■ **MATERIAL PROVIDED**
= = =
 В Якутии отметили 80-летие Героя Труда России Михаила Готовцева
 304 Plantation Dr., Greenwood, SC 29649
= = =
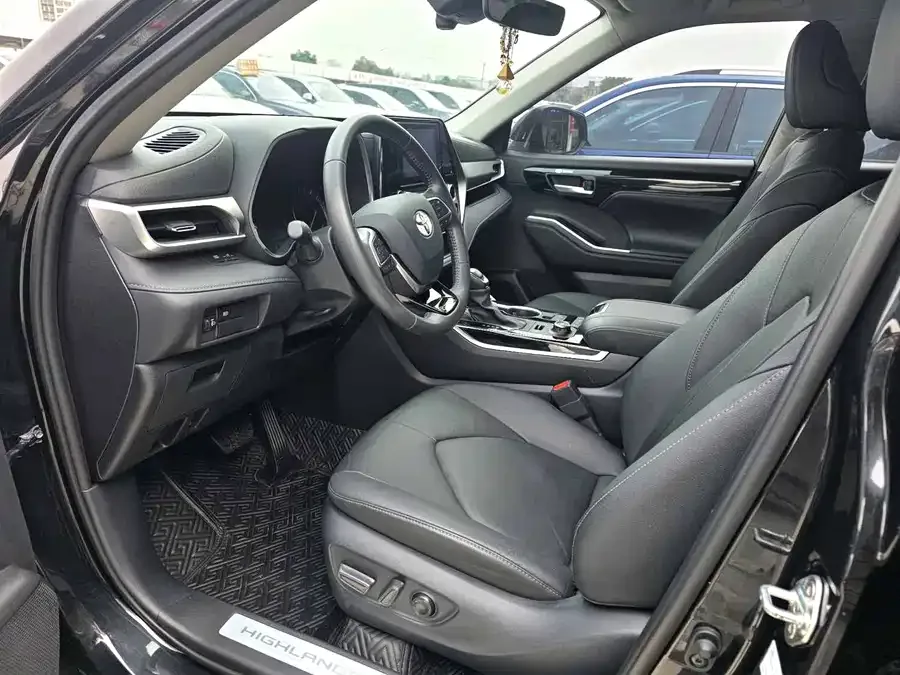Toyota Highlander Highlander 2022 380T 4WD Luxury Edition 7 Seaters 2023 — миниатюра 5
= = =
■ **EXERCISE DESCRIPTION**
The entries above hold the needed span. Transcribe exactly the lines from the one with "В Якутии отметили" to the one with "304 Plantation Dr., Greenwood, SC 29649", both included.

■ **REPLY**
 В Якутии отметили 80-летие Героя Труда России Михаила Готовцева
 304 Plantation Dr., Greenwood, SC 29649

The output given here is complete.